What you output must be the exact lines from the first line of the data through the one holding "Fully equipped fitness", with no pictures.

*** Opening Dataset entries ***

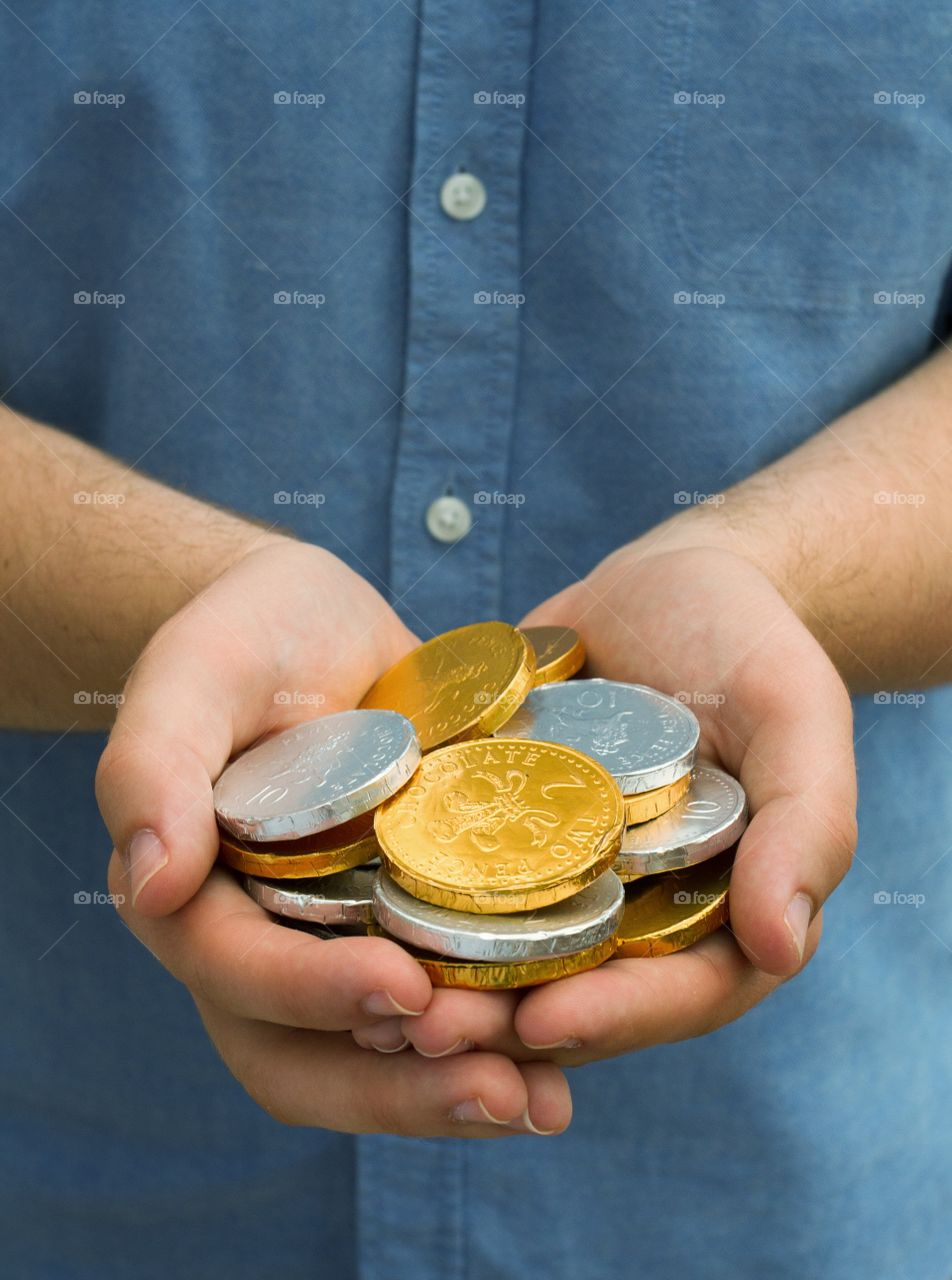 A man holding a handful of gold and silver coins.
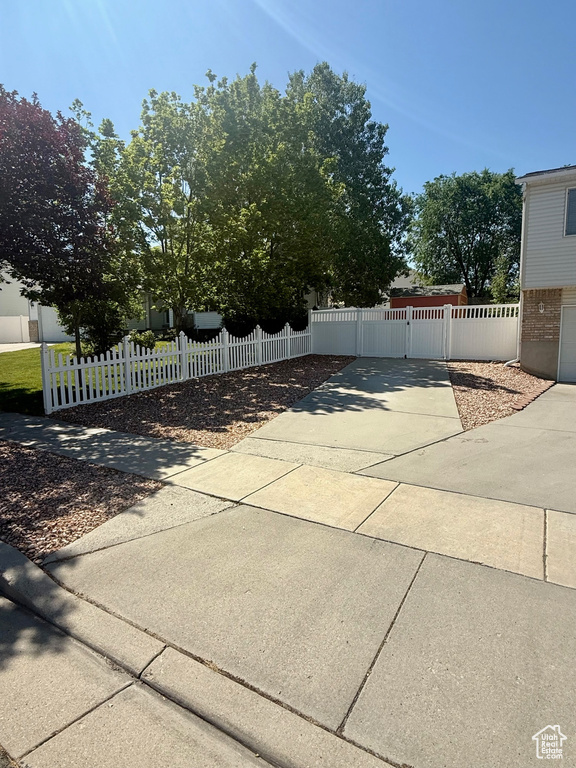 View of patio / terrace with driveway, a gate, and a fenced front yard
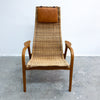 A mid-century modern lounge chair with a woven wicker seat and backrest, featuring a brown leather headrest and curved wooden arms and legs, set against a plain white wall and gray concrete floor.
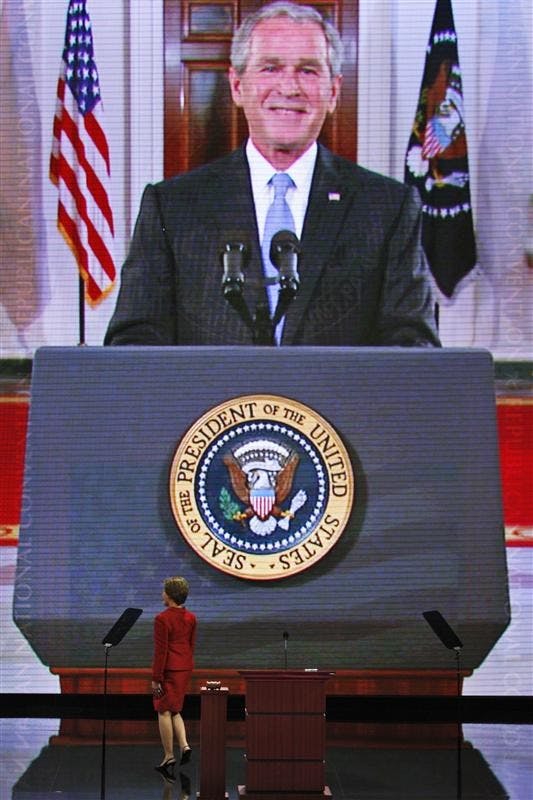 First lady Laura Bush walks off the stage as President Bush addresses the convention on a giant monitor Tuesday at the Republican National Convention in St. Paul, Minn.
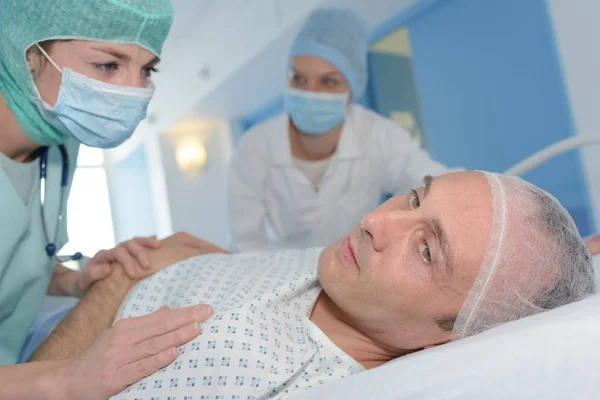 Enfermera inspeccionando a un paciente moribundo — Foto de Stock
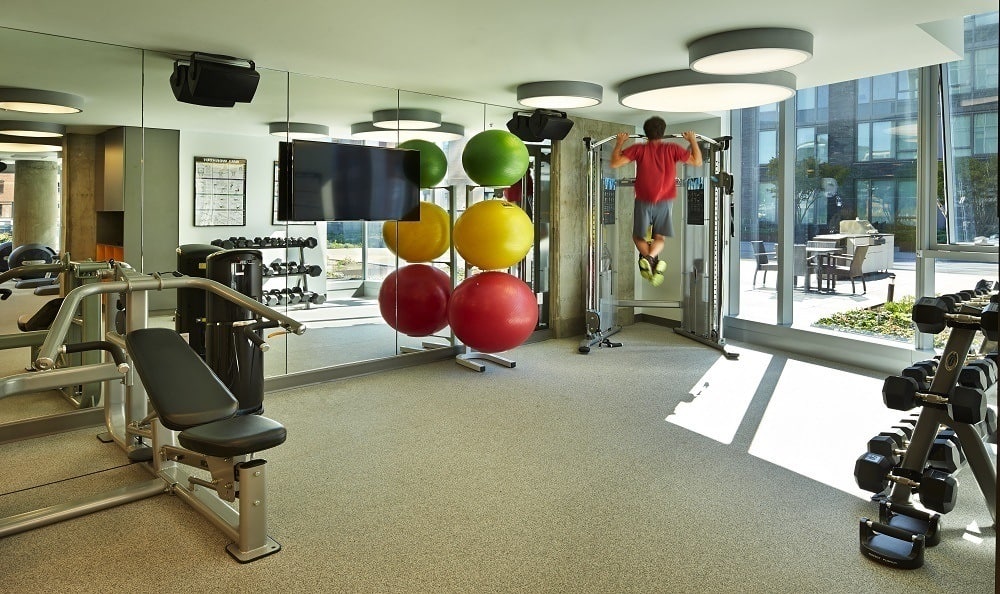 Fully equipped fitness center at The Wave at Stadium Place in Seattle, Washington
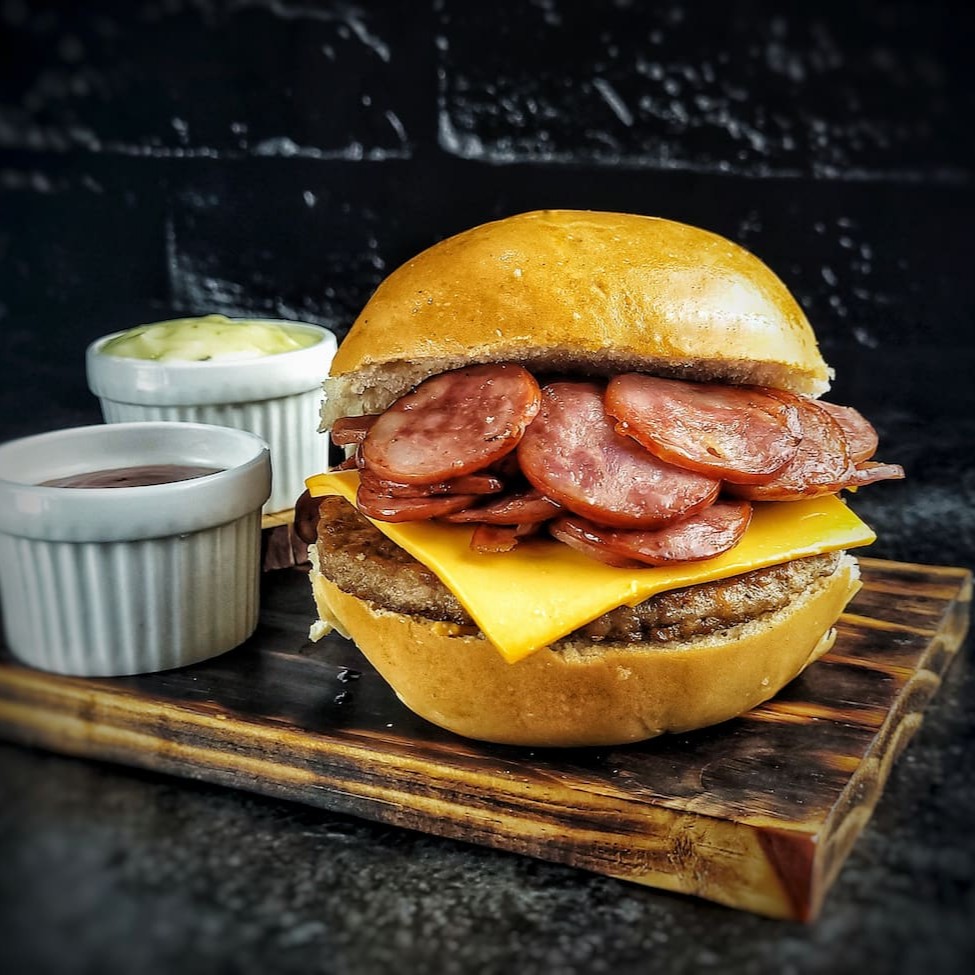 O 'Russo Calabresa' é um dos nossos ' Sanduíches americano'. Esta maravilha gastronômica é construída com um pão bola fresco e macio, recheado com uma generosa porção de carne suculenta. Acrescentamos a ela uma fatia de queijo cheddar derretido de alta qualidade e um delicioso e crocante embutido de calabresa. Para dar um toque de especial, adicionamos nosso exclusivo e secreto molho da casa juntamente com o ketchup.  O 'Russo  Calabresa' é uma verdadeira explosão de sabores em cada mordida!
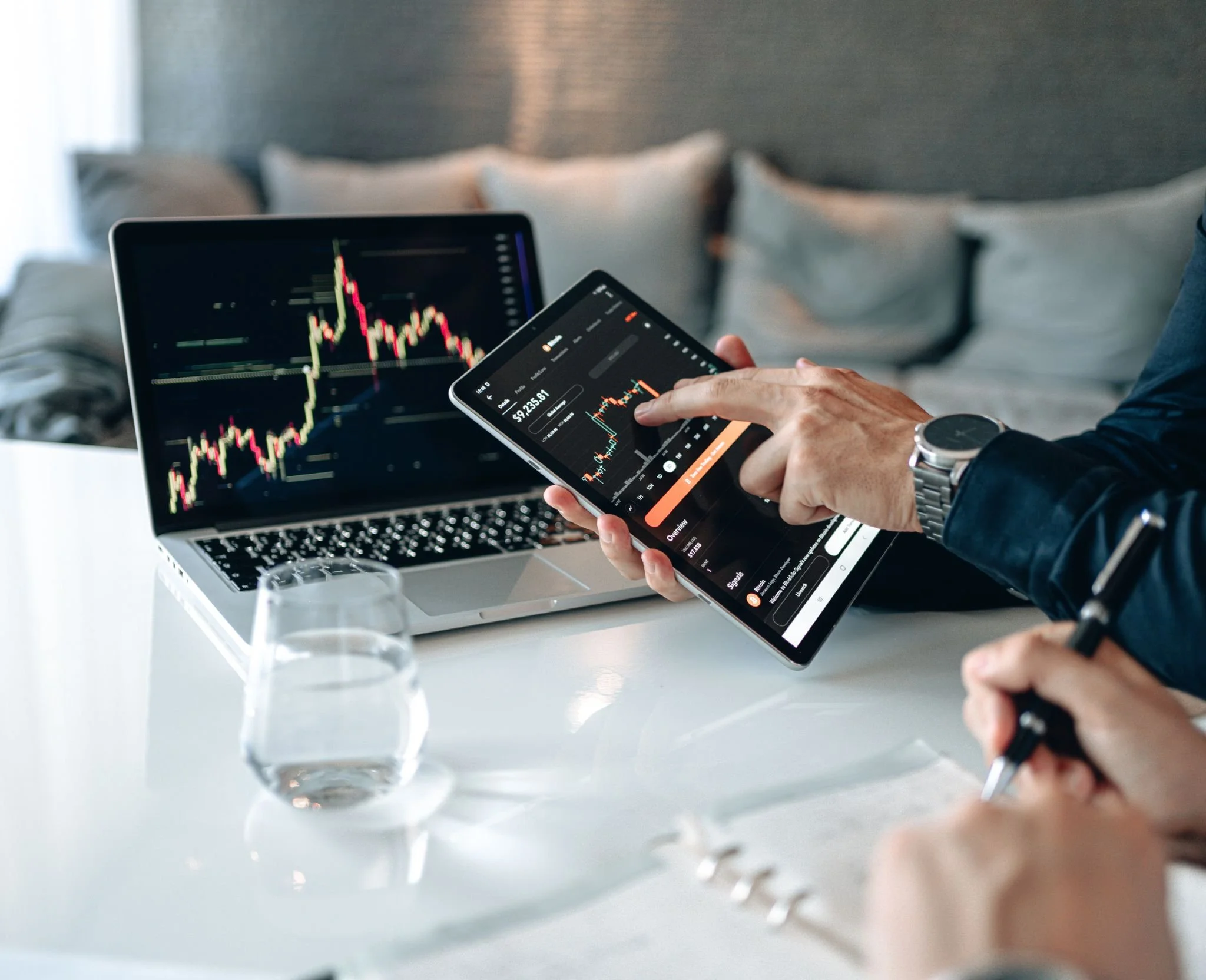 Person using a tablet to analyze stock charts with a laptop displaying financial data on a table.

*** Closing Dataset entries ***

#### Exercise solution
 A man holding a handful of gold and silver coins.
 View of patio / terrace with driveway, a gate, and a fenced front yard
 A mid-century modern lounge chair with a woven wicker seat and backrest, featuring a brown leather headrest and curved wooden arms and legs, set against a plain white wall and gray concrete floor.
 First lady Laura Bush walks off the stage as President Bush addresses the convention on a giant monitor Tuesday at the Republican National Convention in St. Paul, Minn.
 Enfermera inspeccionando a un paciente moribundo — Foto de Stock
 Fully equipped fitness center at The Wave at Stadium Place in Seattle, Washington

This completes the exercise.